Problem to solve: Go line by line through the records below. Copy whichever lines contain the string "Brown".

- Opening Delimiter -

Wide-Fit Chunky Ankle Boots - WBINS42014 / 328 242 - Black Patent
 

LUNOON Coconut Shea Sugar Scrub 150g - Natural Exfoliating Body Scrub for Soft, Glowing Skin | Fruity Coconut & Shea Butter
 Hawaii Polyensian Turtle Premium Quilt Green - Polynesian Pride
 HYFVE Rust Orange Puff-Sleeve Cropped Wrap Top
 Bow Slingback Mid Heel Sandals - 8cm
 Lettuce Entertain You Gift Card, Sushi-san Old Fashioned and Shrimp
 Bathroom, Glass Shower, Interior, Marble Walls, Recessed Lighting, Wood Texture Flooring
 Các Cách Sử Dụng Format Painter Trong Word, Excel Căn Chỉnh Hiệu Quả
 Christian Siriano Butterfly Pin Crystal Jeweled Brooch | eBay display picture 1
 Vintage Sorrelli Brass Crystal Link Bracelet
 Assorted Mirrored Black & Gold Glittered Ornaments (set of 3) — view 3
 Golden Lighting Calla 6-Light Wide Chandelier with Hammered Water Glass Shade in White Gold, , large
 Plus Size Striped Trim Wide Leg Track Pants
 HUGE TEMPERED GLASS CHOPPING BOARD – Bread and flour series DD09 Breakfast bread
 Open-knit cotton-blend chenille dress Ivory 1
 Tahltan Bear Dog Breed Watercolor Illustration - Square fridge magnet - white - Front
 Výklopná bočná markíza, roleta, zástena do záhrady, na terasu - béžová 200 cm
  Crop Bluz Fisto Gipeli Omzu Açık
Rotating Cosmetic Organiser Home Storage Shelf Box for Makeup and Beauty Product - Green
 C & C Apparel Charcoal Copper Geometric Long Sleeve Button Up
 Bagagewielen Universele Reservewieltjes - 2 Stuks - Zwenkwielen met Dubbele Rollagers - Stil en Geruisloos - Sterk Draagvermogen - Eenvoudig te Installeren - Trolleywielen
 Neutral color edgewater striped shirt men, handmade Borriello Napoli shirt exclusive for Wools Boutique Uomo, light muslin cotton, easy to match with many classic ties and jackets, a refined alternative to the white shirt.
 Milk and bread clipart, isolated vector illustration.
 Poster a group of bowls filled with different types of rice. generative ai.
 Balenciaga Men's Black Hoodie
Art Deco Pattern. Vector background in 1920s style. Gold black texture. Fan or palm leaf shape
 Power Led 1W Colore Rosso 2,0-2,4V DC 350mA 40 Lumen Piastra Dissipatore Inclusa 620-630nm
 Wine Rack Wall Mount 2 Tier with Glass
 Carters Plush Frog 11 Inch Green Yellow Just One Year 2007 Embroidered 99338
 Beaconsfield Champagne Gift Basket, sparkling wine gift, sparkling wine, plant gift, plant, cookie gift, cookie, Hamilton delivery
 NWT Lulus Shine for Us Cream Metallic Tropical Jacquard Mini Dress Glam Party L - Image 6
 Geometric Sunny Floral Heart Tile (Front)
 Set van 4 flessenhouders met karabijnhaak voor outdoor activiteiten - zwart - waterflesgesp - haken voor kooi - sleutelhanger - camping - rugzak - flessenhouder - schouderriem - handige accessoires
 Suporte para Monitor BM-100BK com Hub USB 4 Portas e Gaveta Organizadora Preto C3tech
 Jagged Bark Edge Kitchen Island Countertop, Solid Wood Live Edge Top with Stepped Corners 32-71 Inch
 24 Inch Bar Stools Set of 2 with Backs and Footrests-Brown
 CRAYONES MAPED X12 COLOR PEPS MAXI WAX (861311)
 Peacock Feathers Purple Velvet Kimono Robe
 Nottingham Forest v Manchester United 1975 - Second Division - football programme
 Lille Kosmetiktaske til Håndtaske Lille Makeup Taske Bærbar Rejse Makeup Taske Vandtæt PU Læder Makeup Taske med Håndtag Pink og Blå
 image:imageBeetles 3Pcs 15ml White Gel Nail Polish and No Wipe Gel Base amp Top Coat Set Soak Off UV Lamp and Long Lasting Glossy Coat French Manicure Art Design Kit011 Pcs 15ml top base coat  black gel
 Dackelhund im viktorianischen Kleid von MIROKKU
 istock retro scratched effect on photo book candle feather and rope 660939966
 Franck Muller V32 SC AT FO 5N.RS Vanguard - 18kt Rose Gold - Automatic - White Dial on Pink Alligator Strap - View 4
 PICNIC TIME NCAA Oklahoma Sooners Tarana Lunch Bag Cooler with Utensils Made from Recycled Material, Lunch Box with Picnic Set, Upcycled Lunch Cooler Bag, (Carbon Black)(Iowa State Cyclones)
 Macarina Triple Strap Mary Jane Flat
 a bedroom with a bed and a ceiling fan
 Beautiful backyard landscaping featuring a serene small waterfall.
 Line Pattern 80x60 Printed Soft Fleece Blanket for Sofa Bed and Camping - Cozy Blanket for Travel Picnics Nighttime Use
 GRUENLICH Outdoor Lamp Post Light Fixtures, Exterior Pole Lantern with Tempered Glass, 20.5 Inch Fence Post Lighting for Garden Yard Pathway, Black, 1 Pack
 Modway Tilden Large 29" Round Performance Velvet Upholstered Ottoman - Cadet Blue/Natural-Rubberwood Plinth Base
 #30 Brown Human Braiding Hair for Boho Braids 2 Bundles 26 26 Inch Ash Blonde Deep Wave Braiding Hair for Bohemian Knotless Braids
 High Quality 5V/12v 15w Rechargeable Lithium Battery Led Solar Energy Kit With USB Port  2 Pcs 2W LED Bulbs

- Closing Delimiter -

Problem solution:
 24 Inch Bar Stools Set of 2 with Backs and Footrests-Brown
 #30 Brown Human Braiding Hair for Boho Braids 2 Bundles 26 26 Inch Ash Blonde Deep Wave Braiding Hair for Bohemian Knotless Braids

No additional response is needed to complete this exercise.